Because of the lack of transparency by the GSEs and FHFA, there is speculation about the rationale for the apparent bias against high LTV loans. One reason could be the counterparty risk the GSEs have with the PMI companies.
During the housing crisis, three PMI companies were seized by state regulators. The state regulators slowed down the claims-paying process at these three companies to assure all claims would be paid eventually. The other five PMI companies paid their claims on time and in full.
All housing finance participants that survived the mortgage crisis have adjusted policies to strengthen the overall system.

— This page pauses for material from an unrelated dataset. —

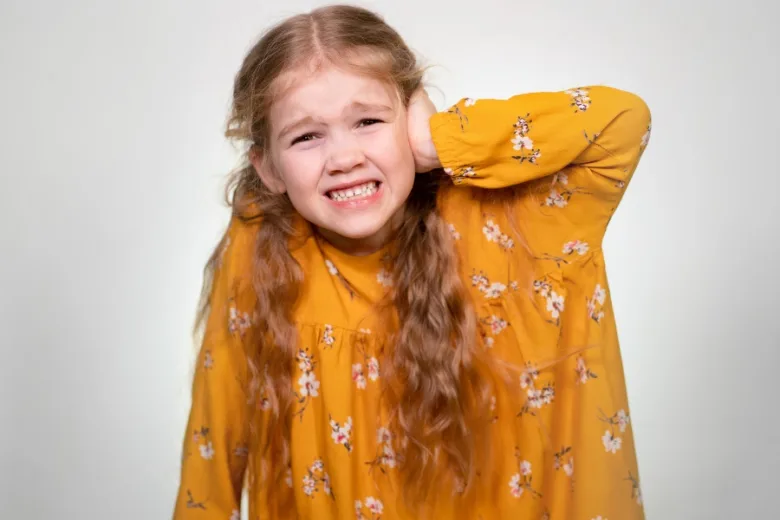 Dívka s bolestí ucha drží ruku u ucha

For example, the FHFA has minimized future risk to the GSEs from the use of MI by becoming an unofficial regulator of the PMI companies and setting capital standards that are double pre-crisis levels.
There was controversy around PMI companies rescinding coverage for fraud and poor underwriting during the crisis, similar to the buybacks the GSEs required. The MI rescissions were detrimental to the servicers and advantageous to the GSEs. The GSEs required servicers to buy back MI rescinded loans, which entirely eliminated the GSE credit risk. To become better partners with the lending community, the PMI companies have rewritten their master policies to limit and clarify the company's ability to rescind coverage.
Given these MI industry enhancements, it is hard to see how any lingering concerns about the PMI industry justify the incremental $2,875 being charged to the hypothetical borrower mentioned above.
Another possible reason for the increased fees on high LTV loans is the potential for greater losses to the GSEs, even after factoring MI claims being paid. Sticking with the example of a 660 credit score borrower buying a $200,000 home, Table 2 demonstrates the loss exposure to the GSEs at various LTV and default probability levels.
The GSEs do not charge LLPAs or require mortgage insurance on loans originated with 60% LTV ratios. Simply put, it's unlikely the GSEs would suffer a loss if a loan with that much equity defaults. So in this scenario, their limited risk exposure on the first $120,000 of the original purchase price is the same, regardless of the credit enhancements protecting the remaining $80,000.
While it's true that borrowers with smaller down payments present a greater default risk, the gap between the LLPAs charged on 70% LTV and 95% LTV loans is so great than increasing the loss frequency by a factor of 10 justifies less than half the $2,875 difference.
Based on this analysis, the cross subsidization appears to be overcharging high LTV borrowers and subsidizing low LTV borrowers by about $1,775. Put another way, 95% LTV mortgages would have to default at a rate of nearly 24 to 1 compared to 70% LTV loans to justify the difference in LLPA fees.
Requiring borrowers to pay a fee that disproportionately reflects the risk to the GSE is detrimental for low-income individuals and families, particularly first-time homebuyers and people of color. The GSE bias against high LTV lending has pushed borrowers to FHA who would normally be served through GSE products.
Housing reform advocates need to be conscious of and open-minded about how a new housing finance system affects and supports the underserved because the lack of transparency in the current system has pushed potential borrowers to the outskirts.